You are viewing a plain text version of this content. The canonical link for it is here.
Posted to user@flink.apache.org by Elias Levy <fe...@gmail.com> on 2017/04/22 05:15:44 UTC

Re-keying / sub-keying a stream without repartitioning

This is something that has come up before on the list, but in a different
context.  I have a need to rekey a stream but would prefer the stream to
not be repartitioned.  There is no gain to repartitioning, as the new
partition key is a composite of the stream key, going from a key of A to a
key of (A, B), so all values for the resulting streams are already being
rerouted to the same node and repartitioning them to other nodes would
simply generate unnecessary network traffic and serde overhead.

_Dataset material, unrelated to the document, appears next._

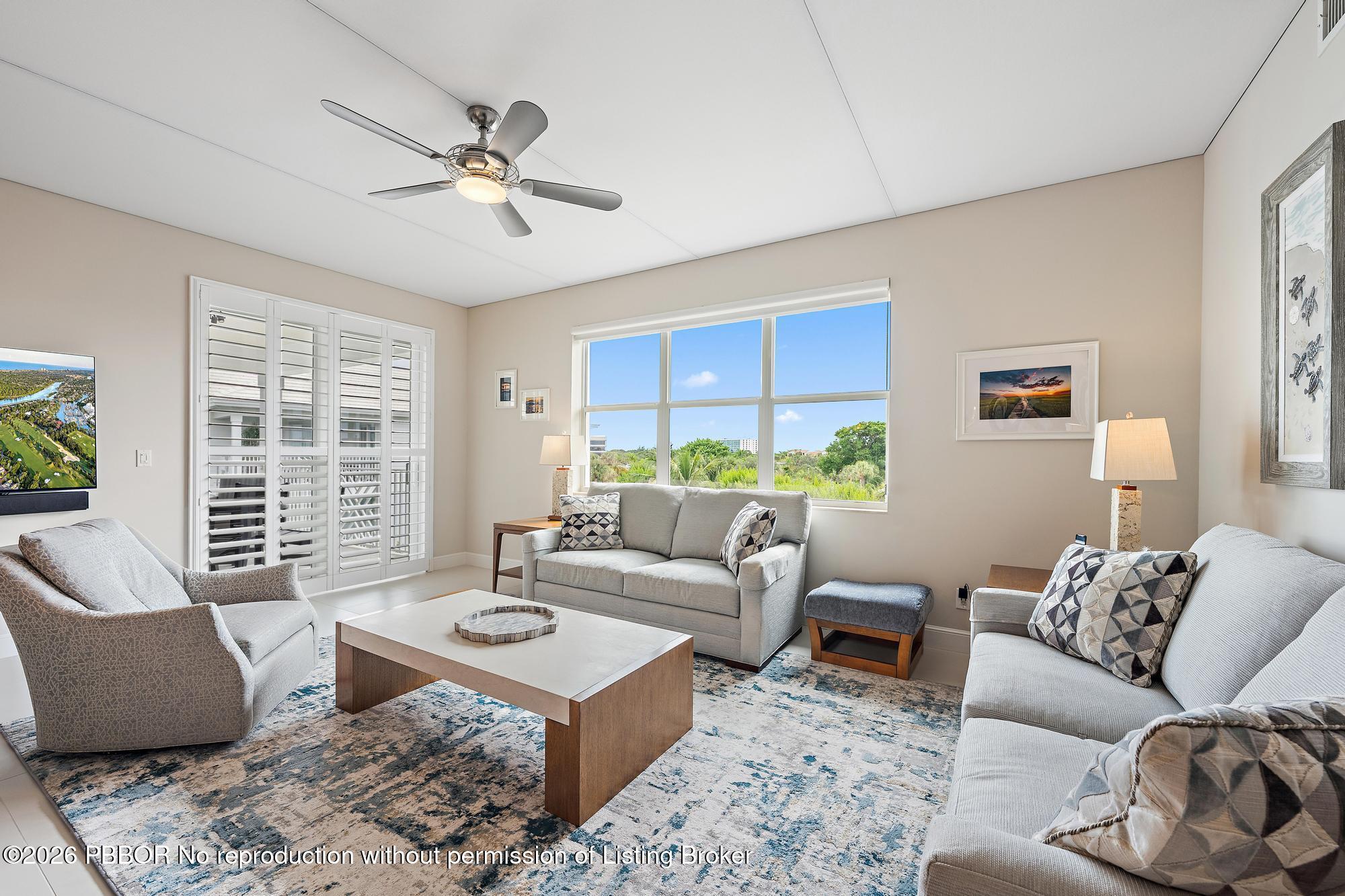 Furnished living room with gray sofas, a patterned rug, plantation shutters, and a large window overlooking greenery.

Unlike previous use cases, I am not trying to perform aggregate
operations.  Instead I am executing CEP patterns.  Some patterns apply the
the stream keyed by A and some on the stream keyed by (A,B).

The API does not appear to have an obvious solution to this situation.
keyBy() will repartition and there is isn't something like subKey() to
subpartion a stream without repartitioning (e.g. keyBy(A).subKey(B)).

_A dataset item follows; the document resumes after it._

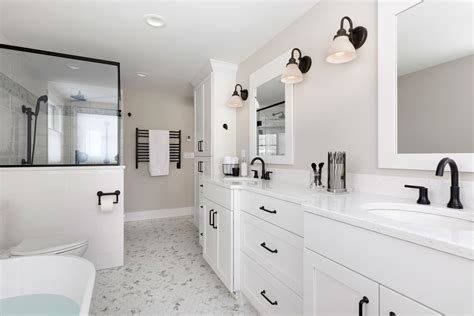 spacious white master bathroom crystal cabinets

I suppose I could accomplish it by using partitionCustom(), ignoring the
second element in the key, and delegating to the default partitioner
passing it only the first element, thus resulting in no change of task
assignment.

Thoughts?

Re: Re-keying / sub-keying a stream without repartitioning

Posted by Elias Levy <fe...@gmail.com>.
On Wed, Apr 26, 2017 at 5:11 AM, Aljoscha Krettek <al...@apache.org>
wrote:

> I did spend some time thinking about this and we had the idea for a while
> now to add an operation like “keyByWithoutPartitioning()” (name not final
> ;-) that would allow the user to tell the system that we don’t have to do a
> reshuffle. This would work if the key-type (and keys) would stay exactly
> the same.
>
> I think it wouldn’t work for your case because the key type changes and
> elements for key (A, B) would normally be reshuffled to different instances
> than with key (A), i.e. (1, 1) does not belong to the same key-group as
> (1). Would you agree that this happens in your case?
>

It happens if I use keyBy().  But there is no need for it to happen, which
is why I was asking about rekeying without repartitioning.  The stream is
already partitioned by A, so all elements of a new stream keyed by (A,B)
are already being processed by the local task.  Reshuffling as a result of
rekeying would have no benefit and would double the network traffic.  It is
why I suggested subKey(B) may be a good to clearly indicate that the new
key just sub-partitions the existing key partition without requiring
reshuffling.

Why would you not be able to use a different key type with
keyByWithoutRepartitioning()?

Re: Re-keying / sub-keying a stream without repartitioning

Posted by Aljoscha Krettek <al...@apache.org>.
Hi Elias,
sorry for the delay, this must have fallen under the table after Flink Forward.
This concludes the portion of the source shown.